In his acceptance speech for the inaugural Robert Osborne Award at the Chinese Theater in Hollywood on Thursday evening, Scorsese said that the review aggregators lead films to be “instantly judged and dismissed” before audiences can see them and judge for themselves.
The legendary director was being honored for his film preservation efforts, and frequent Scorsese collaborator Leonardo DiCaprio was on hand to present the award (when Scorsese came out, he pointed out that the last time the two were together at the Chinese was to film the Hell’s Angels premiere scene in The Aviator).

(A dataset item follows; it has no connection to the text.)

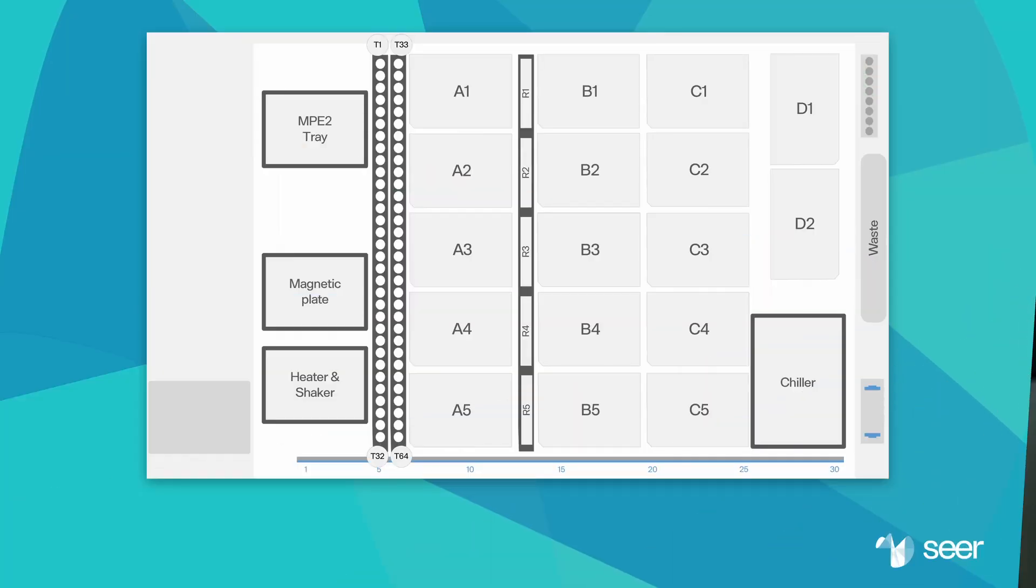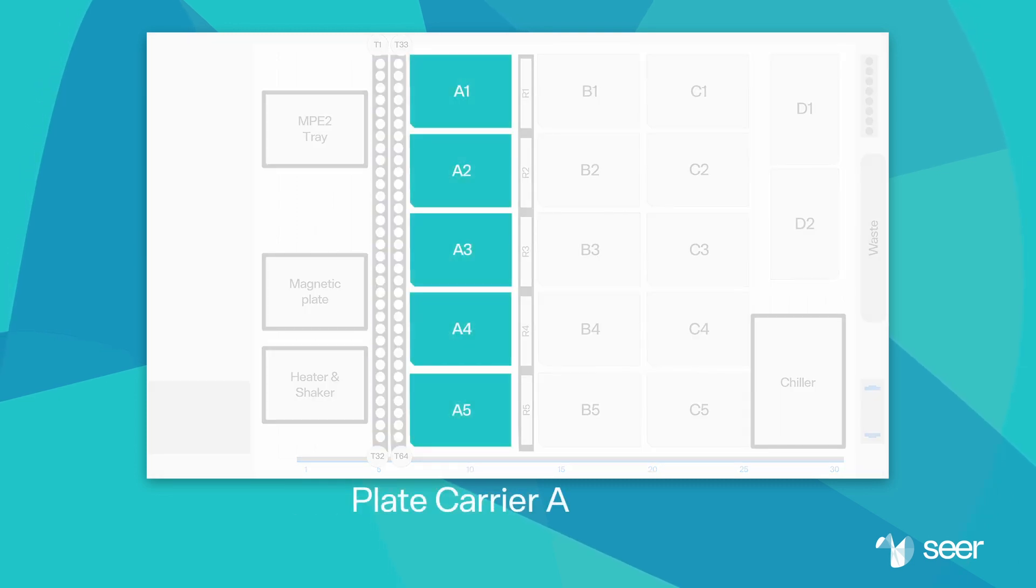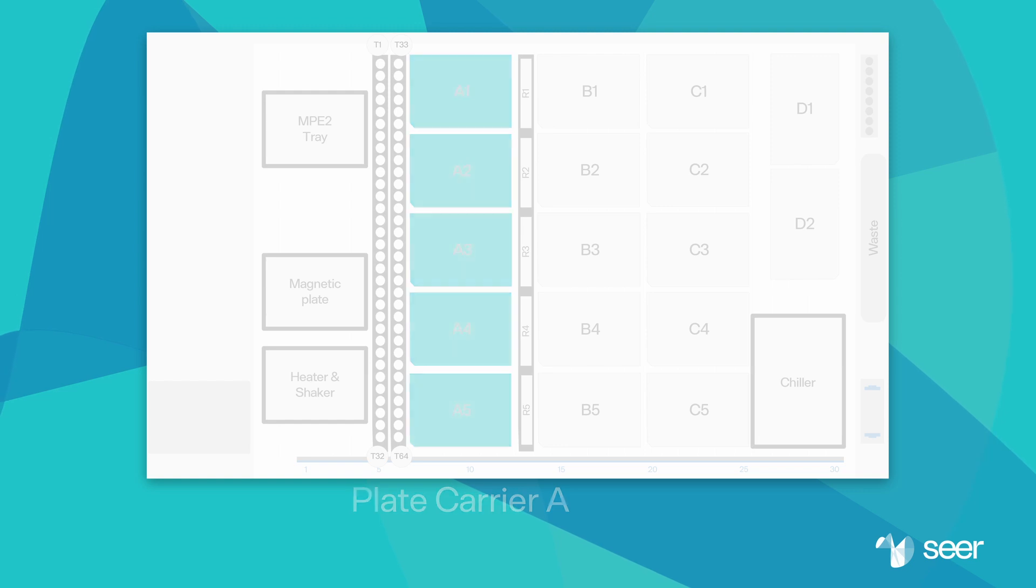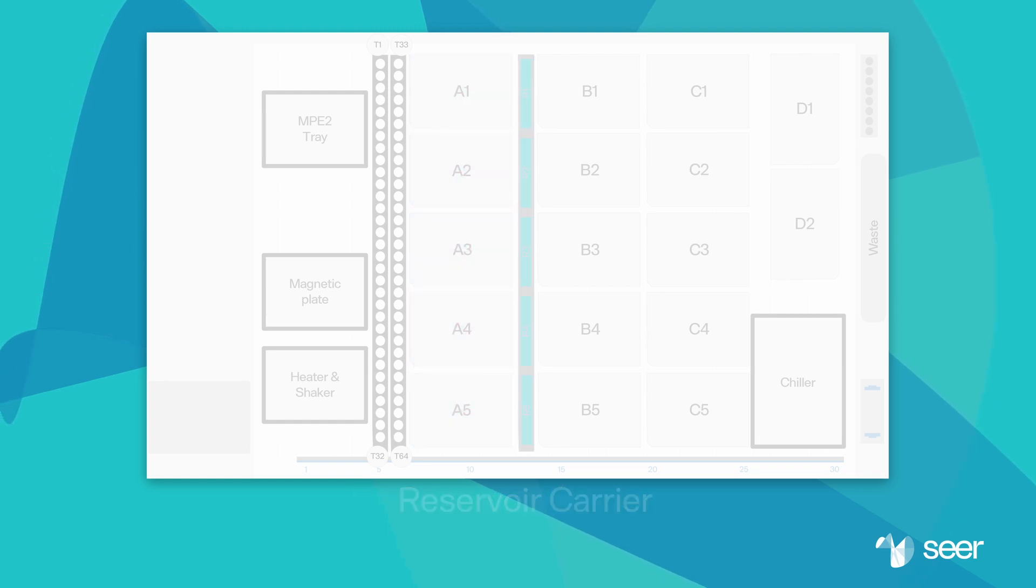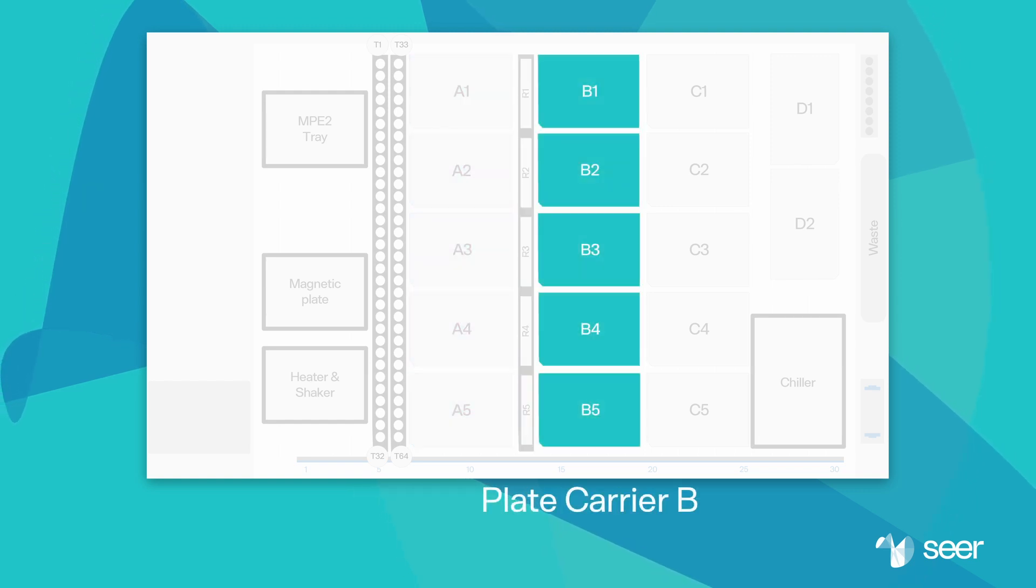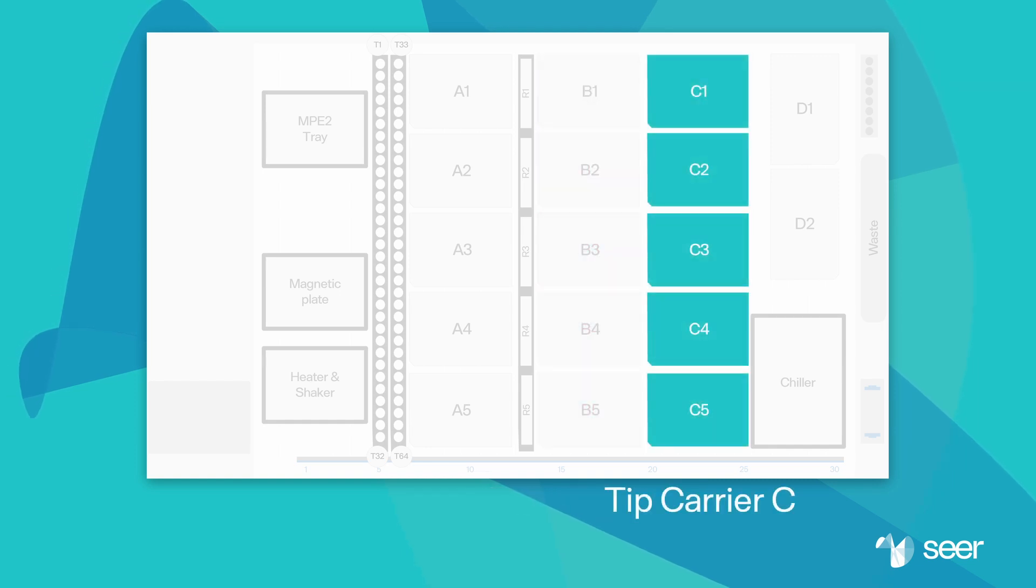The work deck includes movable carriers for loading labware onto the SP100. There are two tube carriers, plate carrier A, reservoir carrier, plate carrier B, and tip carrier C.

“No one is more knowledgeable, more committed, or draws more inspiration from the film art form that I know of than Martin Scorsese,” said DiCaprio. He also explained how his working relationship with Scorsese taught him to appreciate film as an art form over the course of his career. “He gave me an immense appreciation for the greatness of cinema’s past. And not only memorable performances but also an appreciation for directorial achievements throughout the history of movie-making. As a young actor standing beside him during the creative process of making a movie, I discovered that just like a painting, a sculpture, music or theater, film was just as essential, relevant, as a matter of fact, the most integral art form of our time. In other words, I felt I could truly own the term artist by working alongside Martin Scorsese. There is almost no aspect of his life, creative or personal, where he doesn’t reference the history of movies.”
Scorsese gave a lengthy acceptance speech, touching on his love of TCM (“I won’t stay in a hotel if it doesn’t have it”) and his immense appreciation for Robert Osborne and receiving the first award in his name. He praised Osborne as a popular historian, saying, “They’re the people who lovingly preserve all the lore, all the treasures, and who recite it to whomever expresses even a little bit of interest…They give you the history through the stories, the anecdotes, the details that have been remembered and passed down. They’re spreading the world to invite more people in, and enlarge the culture, to share. Robert Osborne shared his passion for movies in a way that made you feel it wasn’t distant or forbidden but something everyone could take part in.”
The director then took the occasion to criticize “the devaluation of cinema itself.”
“It can all be summed up in the word that’s being used now: content,” Scorsese said. “All movie images are lumped together. You’ve got a picture, you’ve got a TV episode, a new trailer, you’ve got a how-to video on a coffee-maker, you’ve got a Super Bowl commercial, you’ve got Lawrence of Arabia, it’s all the same.” He praised the widespread availability of films nowadays compared to the 1970s and ’80s, but noted, “They can also turn a picture off and go straight to the next piece of content. If there’s no sense of value tied to a given movie, of course, it can be sampled in bits and pieces and just forgotten.”
Scorsese also took the moment to call out aggregator websites Rotten Tomatoes and CinemaScore, saying, “The horrible idea they reinforce [is] that every picture, every image is there to be instantly judged and dismissed without giving audiences time to see it. Time to see it, maybe ruminate and maybe make a decision for themselves. So the great 20th-century art form, the American art form, is reduced to content.”
He ended on a high note, however, praising the cinema-lovers in attendance at the TCM film festival. “You know the difference between a YouTube video and the great American art form,” he concluded. “You react against the devaluation of cinema and movies by showing up.”